After college we went our separate ways; Jill to Little Rock and I to Northwest Arkansas. Her husband was a banker and she started an interior design business. I was married to a coach, attending law school, and would soon teach and take a job as a writer for DaySpring Cards. We kept in touch a little.

In the next few years we sent birth announcements with pictures of our children. I moved to Ozark and she came to see me once. I saw her a time or two in Little Rock. Life was busy. But every time we connected, no matter how much time had passed, Jill and I were just the same. We shared an implicit trust in each other that transcended any growth or changes.

Fast forward several years, and I found myself in the hospital in Little Rock with my daughter, who had back surgery at UAMS. Jill saw a post about it on Facebook and showed up one night with a bottle of wine and some life-giving snacks. She sat in that room with me while we caught each other up on our children’s teen years, our personal successes and failures, the evolution of our faith. It would be hard to overstate how much that visit meant to me. Her friendship had long been an anchor for my soul, but her tangible presence in that place, in that time of such fear and vulnerability, fortified me in a way I didn’t even know I needed. I just know when she got there I felt depleted of every kind of energy. By the time she left I was strong.

In the last couple of years I’ve kept the road hot between Ozark and Little Rock, tending first to campaigning and fund-raising, and since my failed election dabbling in business, writing, and public policy. And staying with Jill.
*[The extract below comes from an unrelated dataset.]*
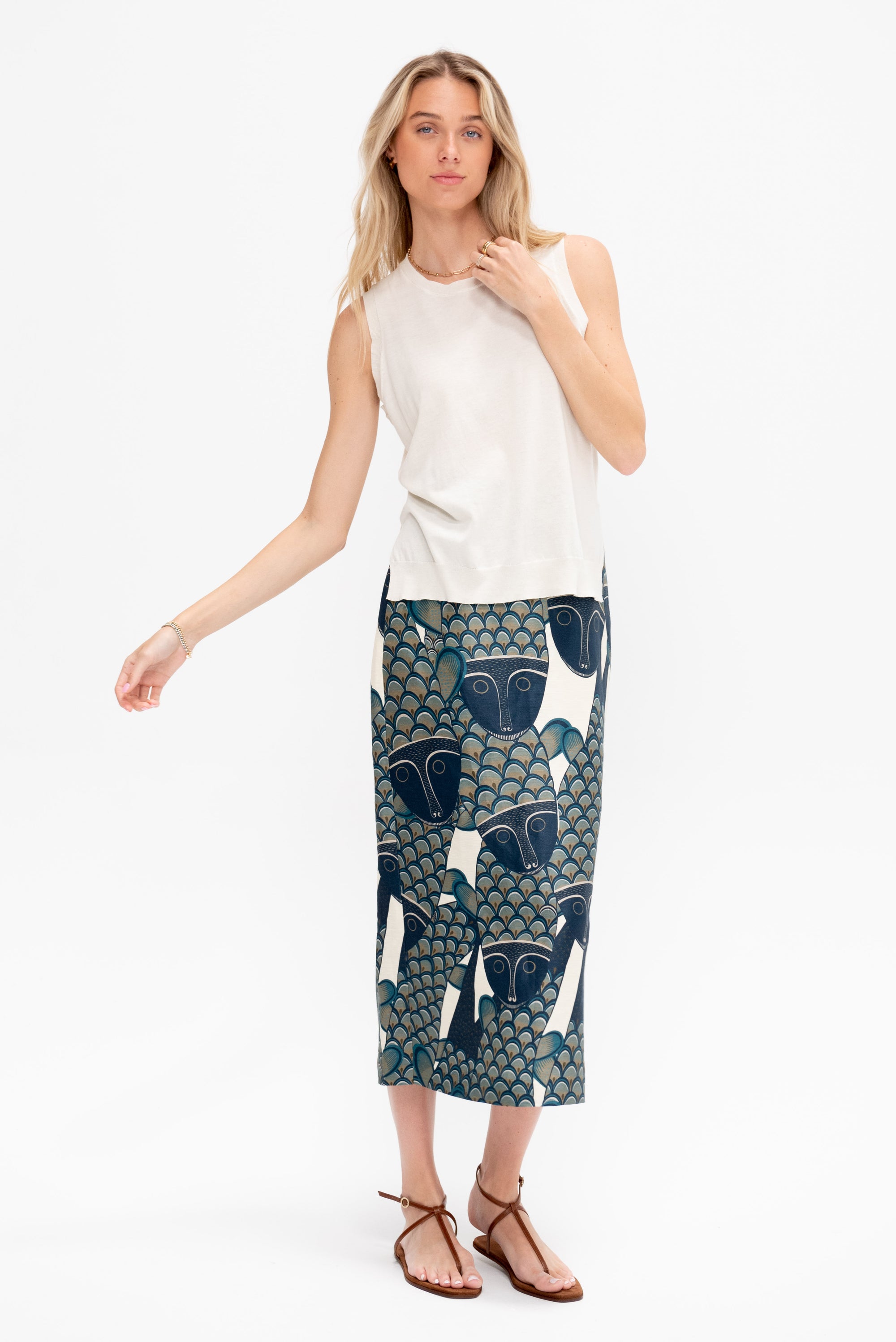 Elisa Cotton Vest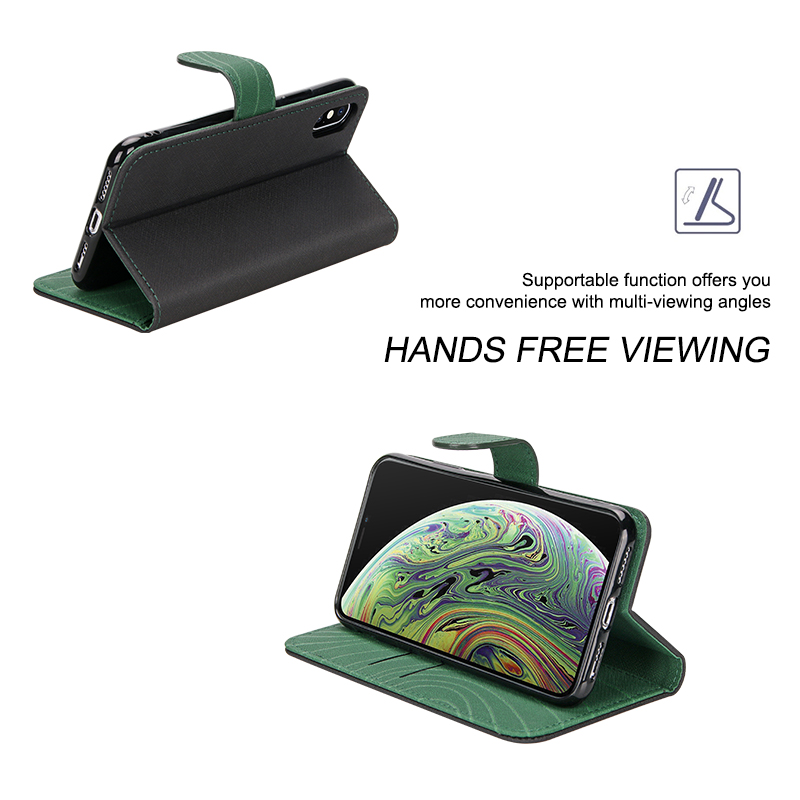 flip leather iphone case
It was she who introduced me to her neighbor, Congressman Vic Snyder, and his wife Betsy, who became supporters and remain my dear friends. I was down there last week for a political event one night and the hearing on HB 1571 the next day. I think I texted Jill the day before to make sure I could crash on her couch.

“Oh, we even might find a bed for you!” She whooped, adding that she had to fly out the next morning at 4:30 but I could stay as long as I wanted.
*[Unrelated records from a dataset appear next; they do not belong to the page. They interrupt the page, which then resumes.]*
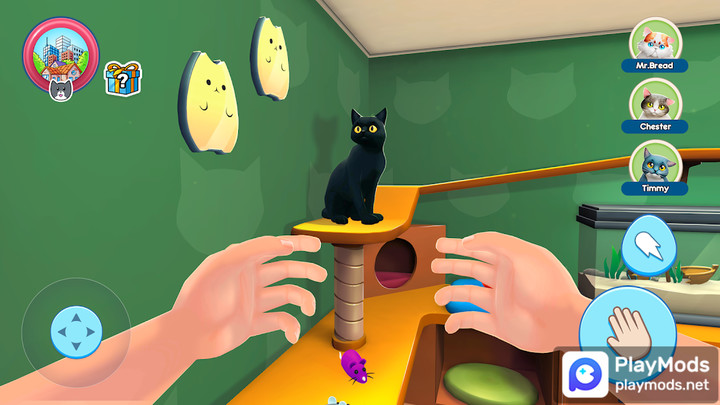 My Pets: Stray Cat Simulator<span>(Mod Menu)</span> screenshot image 2_Popularmodapk.com
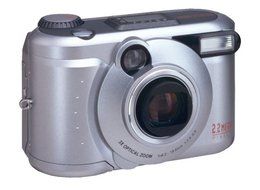 Toshiba PDR-M25 2MP Digital Camera w/ 3x Optical Zoom N5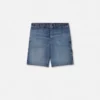 Pantaloni scurți din denim Medusa Biggie Pantaloni scurți din denim Medusa Biggie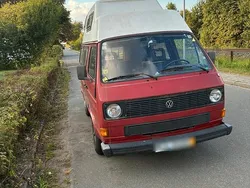 Rot Gebraucht 1985 VW T3 Van | 7.999 €
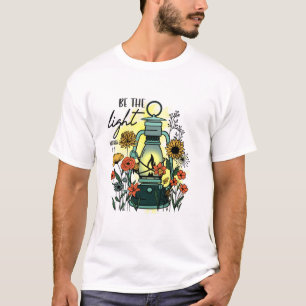 Seien Sie die Religion des Lichtes positiv T-Shirt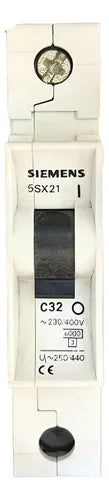 Disjuntor 1p 32a 5sx2132-7 Siemens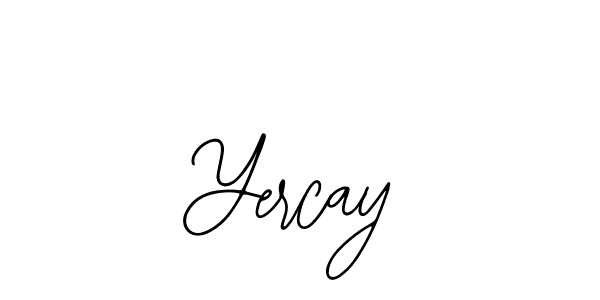 You can use this online signature creator to create a handwritten signature for the name Yercay. This is the best online autograph maker. Yercay signature style 12 images and pictures png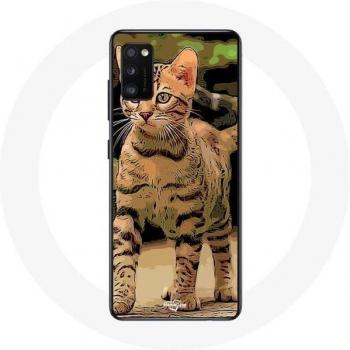 Protection Galaxy S20+ Bengal Race de Chats dessin animé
“Whether it’s with a bottle of wine or without clothes, friends show up.”

I had meetings all day before heading to Jill’s house to freshen up. It was an hour till I was due at the event, a gathering in an upscale neighborhood. My aforementioned intimidation related to Jill’s sense of style is due to the fact I have very little. I had labored over what to wear that evening, putting together the perfect outfit, with matching shoes, jewelry, the works. For the hearing the next day I’d chosen a new tailored dress. It reminded me of Jackie O. and I planned to be just as classy and understated as she always was. When I pulled into Jill’s driveway and got out, I opened the back door of my van and stood gaping in disbelief. While I had packed my bag with all of the shoes, make-up, and pajamas I needed, my hang up clothing was nowhere to be found. I searched the van, hoping it had fallen or slid somewhere invisible. But the truth hit me like a punch in the gut. I forgot my clothes!
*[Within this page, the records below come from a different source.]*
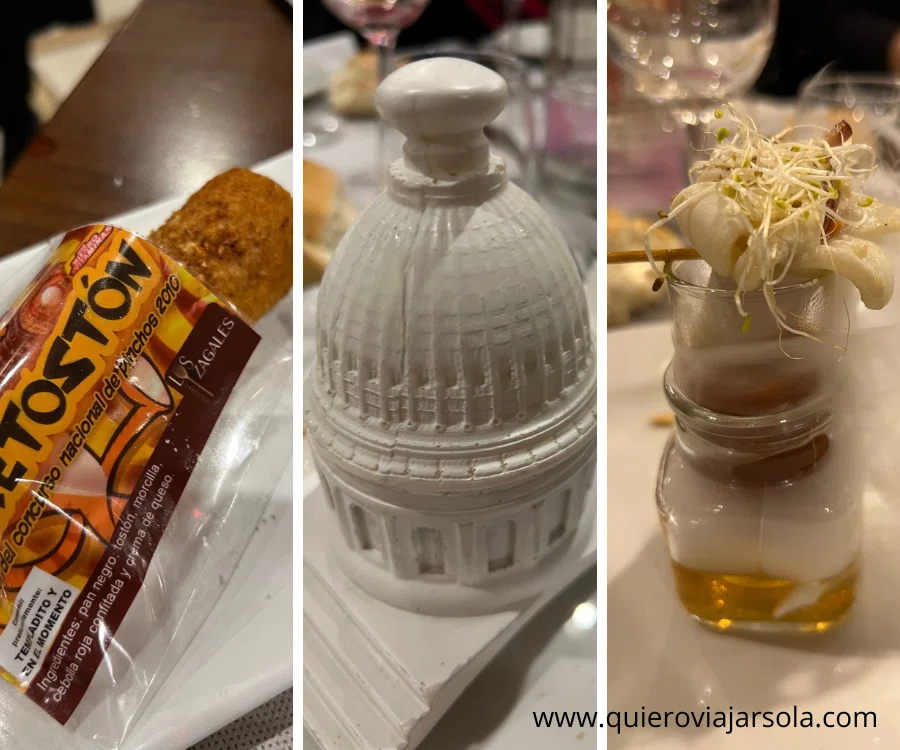 Tapas en los Zagales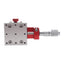 Used Schneeberger NH 2-40-40-AL Micrometer Positioning Stage, 13mm Travel, M3 Holes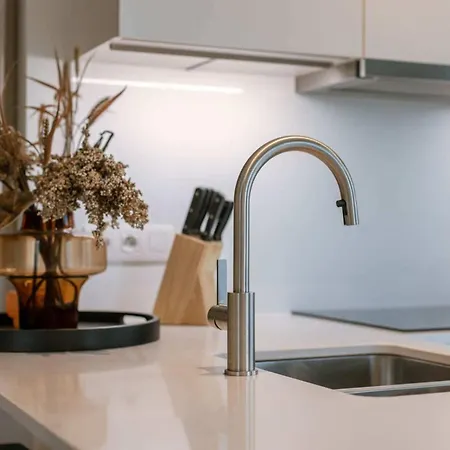 Luxury Seaview With Free Private Parking 公寓 奥斯滕德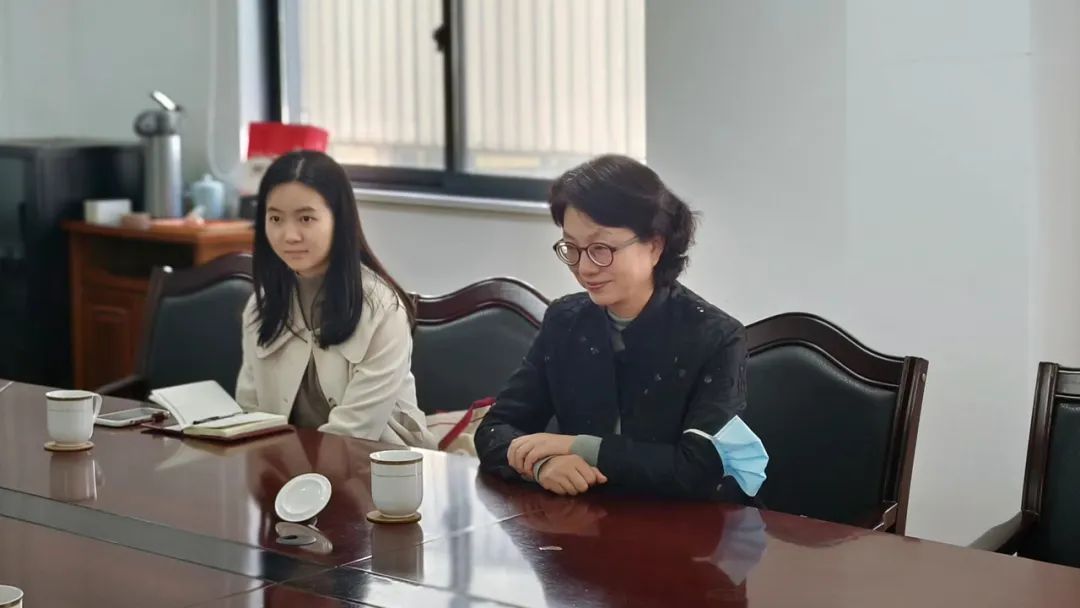 園區(qū)人大工委（政協(xié)工作聯(lián)絡(luò)委）副主任孫燕燕一行走訪協(xié)昌環(huán)保插圖2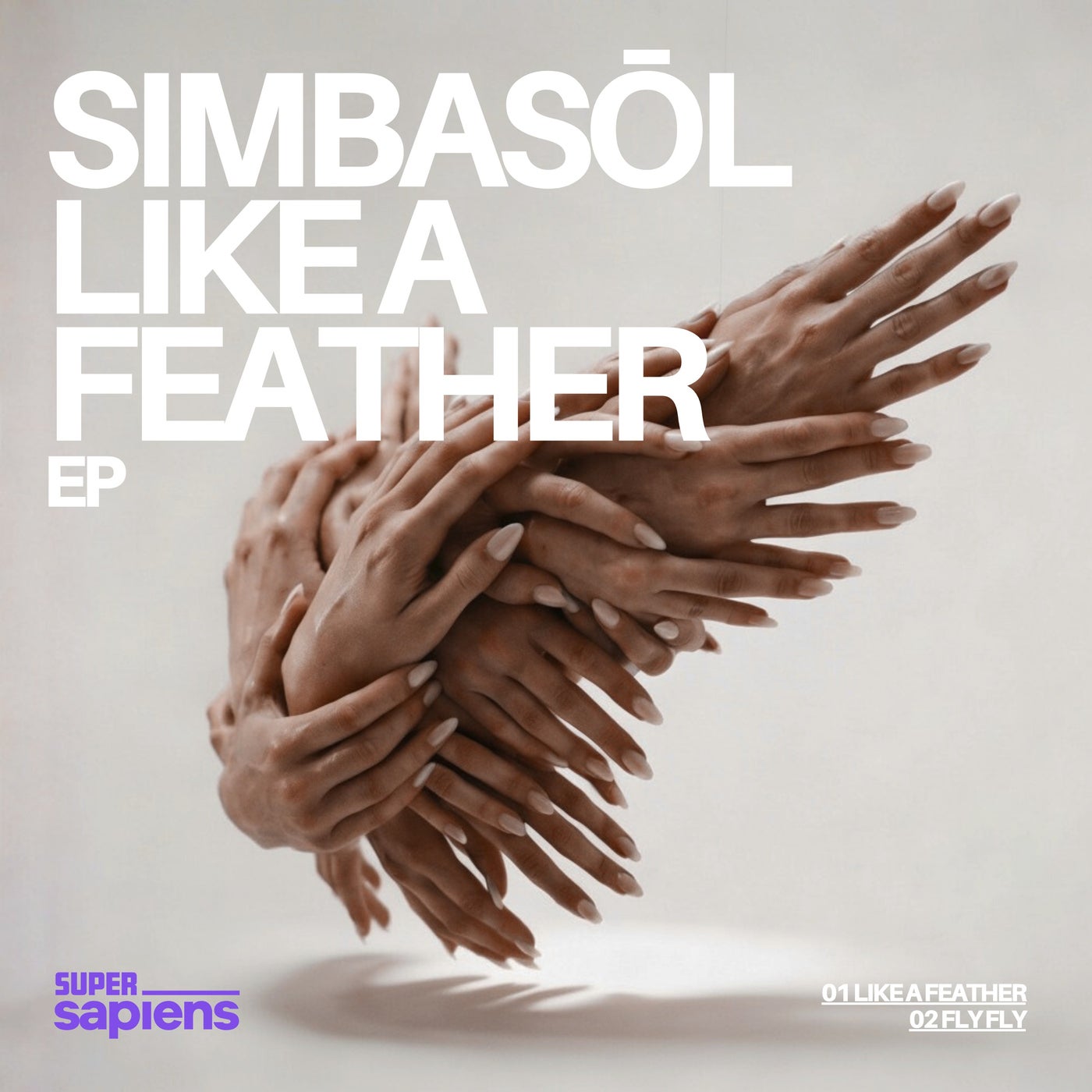 Cover - SimbaSōl - Fly Fly (Original Mix) Promo tools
Jill opened the door with smiles and hugs, effortlessly elegant as always, and I blurted out, “I need clothes. I guess I have to go to Dillard’s. The thing is in an hour. I don’t know what I’m going to do.”

“You forgot your clothes?” There was a smile at the edges of her eyes. I nodded, looking I am sure like death.

“Well get in here! We will find you something.”

Within five minutes I had a fun, flattering, summer dress on for the party, and a sleek black number for the hearing in the morning. Jill’s favorite dresses—the ones that make her feel good, she said—just the right size for me.

I don’t know if things like this happen in other places where people are more formal, not as generous, not as steeped in Southern hospitality. I do know there’s a magic about Arkansas that fosters lifelong friendships that really feel more like family. Bonds form over shared faith, rural values, and qualities like loyalty. Seeing with the heart. Loving one another. Showing up.

That’s what we do for each other. Whether it’s with a bottle of wine or without clothes, friends show up.